On the other hand, it was some loss that he could not go to the church, and he remembered with a pang how happy he had been after a night of terrors when he had gone into God's house in the morning and cast his burden on him with one yearning cry of “God bless all women and young children!”

It was now the Christmas season, and his heart tingled and thrilled as the brothers passed through the door at midday and talked of the women who attended the Christmas services. Were they really so calm as they seemed to be, and had they conquered their natural affections?

Sometimes during the midday service he would slide back the grating and listen for the women's voices. He heard one voice in all of them, but he knew it was only a dream. Then he would watch the snow falling from the little patch of dun-coloured sky crossed by bars, and tell himself that that was all he was to see of the world henceforth.

The sky emptied itself at last, and Brother Paul came again to shovel away the snow. He was weaker than ever, for the wax was melting away.

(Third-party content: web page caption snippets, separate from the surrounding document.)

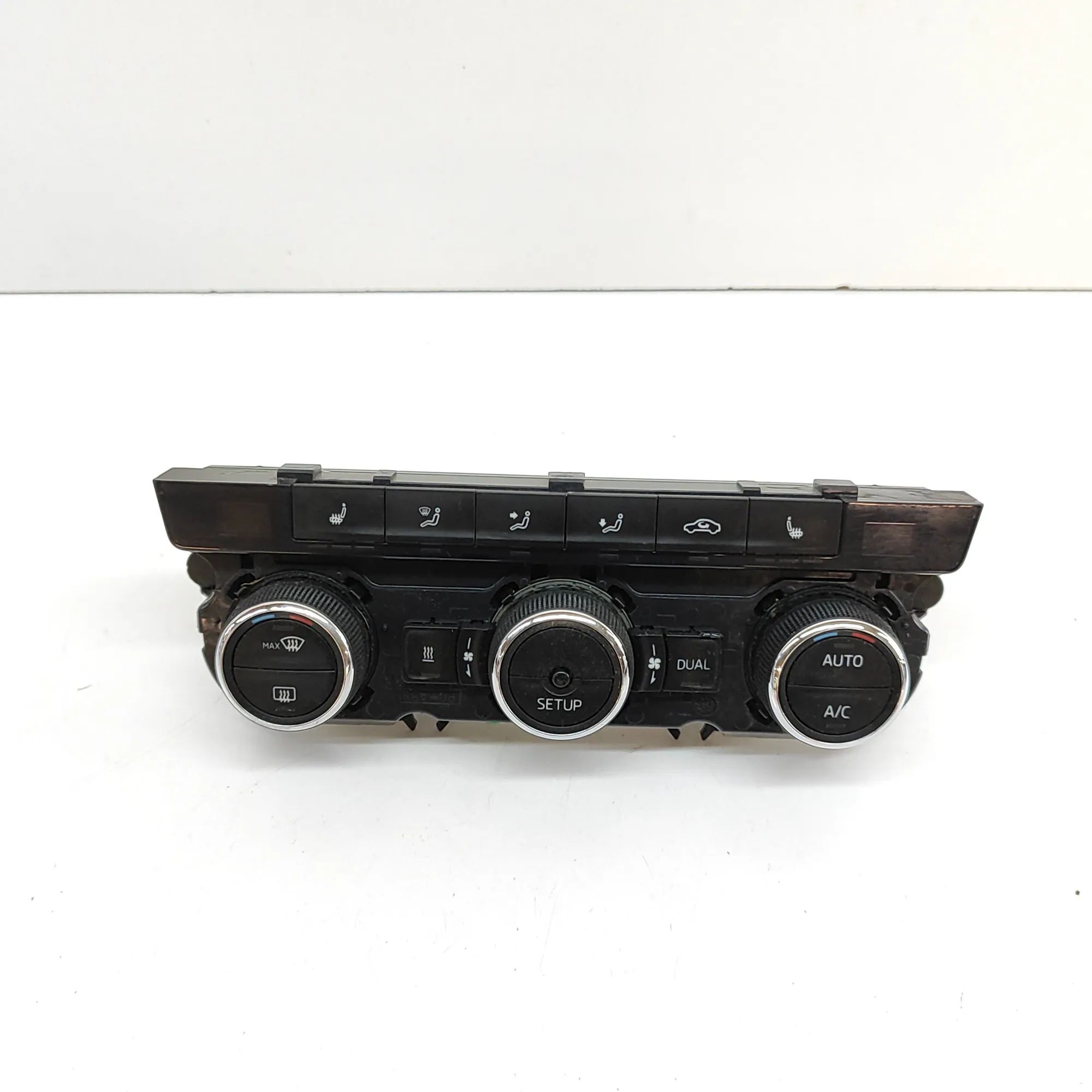 Skoda Octavia Climate control unit Climate control unit — SKODA OCTAVIA (III Combi...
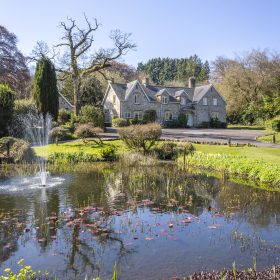 Blackdown Grange - kate & tom's Large Holiday Homes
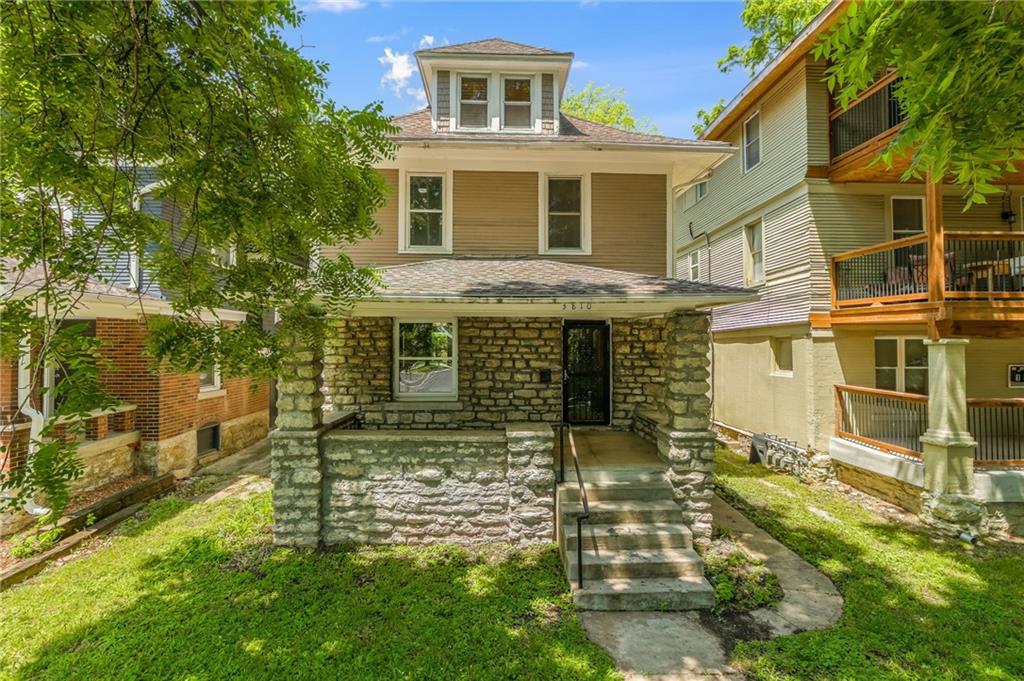 Listing Photo MLS #HMS2555924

When he began to work, his chest was oppressed and his face was feverish. John snatched the spade out of his hand and fell to doing his work instead of him.

“I can't bear to see it, and I won't!” he said.

“But the Father——?”

“I don't care—you can tell him if you like. You are killing yourself by inches, and you are a failing man any way.”

“Am I really dying?” said Brother Paul, and he staggered away like one who had heard his sentence.

John looked after, him and thought: “Now what should I do if I were in that man's place? If the case were Glory's, and I fixed here as in a vice?”

He was ashamed when he thought of Glory like that, and he dismissed the idea, but it came back with mechanical obstinacy and he was compelled to consider it. His vows? Yes, it would be death to his soul to break them. But if she were lost who had no one but him to look to—if she went down to wreck and ruin, then the fires of hell would be as nothing to his despair!